ML Classification with string input, and turning strings to Tensors

tegmentum · April 17, 2024, 6:51pm

Hey all, i’m trying to train a classification model (Trying EXGBoost and KNN) To predict a packaging type based on order content.

My data is numerical (total volume, item count, total weight), but one important piece of data is textual, a “semi-structured” text, which essentially represents item shapes and their count in the order: count-code, code representing ‘200g can’ ex:

2-C16
3-C12, 4-A24
3-C12, 4-A24, 2-C16

With some research, I found that one approach to use that data alongside my numerical data is to turn those strings into a vector, and then normalize it.

Is there something similar to Word2Vec? The plan is to turn that into a Tensor and then normalize it.

I’m also considering turning it to binary, and turning that binary into a Tensor.

I’m not really a data scientist, so any help / direction is very much appreciated

Thanks!

hugobarauna · April 17, 2024, 7:10pm

Unfortunately, I can’t help with that.

But I’d suggest you also ask for help in the “machine-learning” channel in EEF’s Slack. The Elixir machine-learning community is quite active there.

tegmentum · April 17, 2024, 7:25pm

Thanks again Hugo! and thanks for the EEF slack, a gem

lucaong · April 17, 2024, 7:38pm

If the structured text is made of a limited alphabet that can be turned into categorical data, that’s probably the most effective thing to do. What I mean is that something like “200g can”, “1500ml bottle”, etc. can be turned into 3 attributes like “size: 200, unit: g, type: can”, or “size: 1500, unit: ml, type: bottle”, where “size” is numerical, while “unit” and “type” are categorical. Many classification algorithms like decision trees and random forests can use a mix of numerical and categorical data.

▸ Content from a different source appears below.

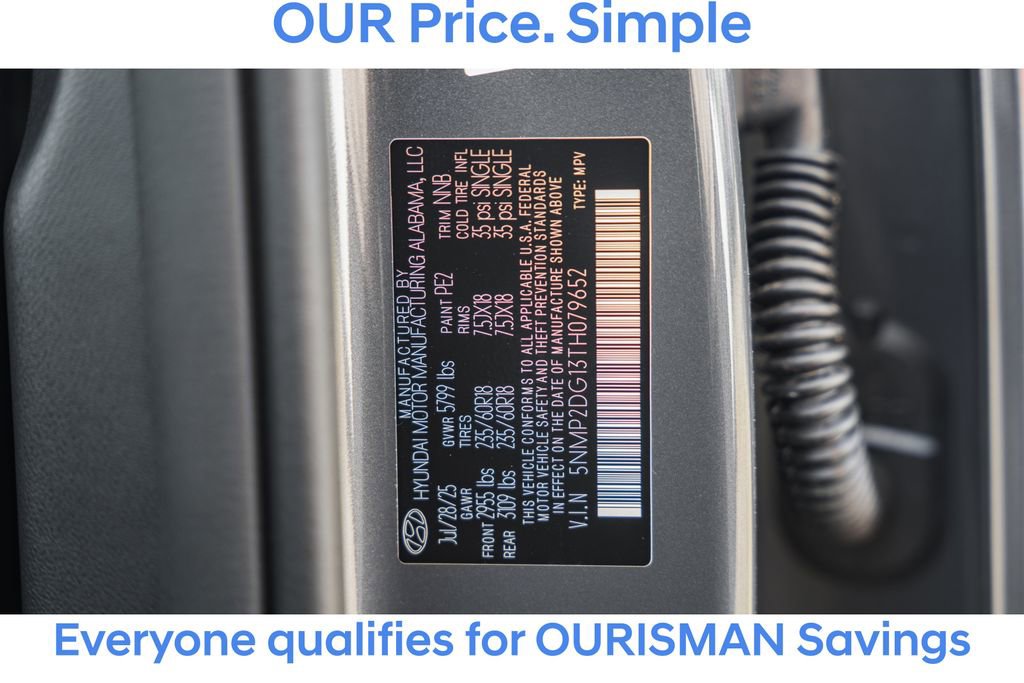 New 2026 Hyundai Santa Fe SEL image 39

If it’s really unstructured text, things will be more difficult. Something like Word2Vec is in principle quite easy to train, but you would need a lot of data in order to train effective embeddings.

In sum, my recommendation would be to parse the structure and treat it as numerical and categorical data if possible at all, as that makes things a lot easier, and enables you to use simpler algorithms that are likely to perform better even with limited data. Only treat it as text if it’s really unstructured text.

lucaong · April 17, 2024, 8:01pm

Ah I now realize that what you have is an order, represented as a set of items each with its quantity. The challenge is to turn that multiset into a tensor. I assume that the order of the items is irrelevant: if so, sequence models designed to process text (where the order of tokens matters) are probably not the best approach.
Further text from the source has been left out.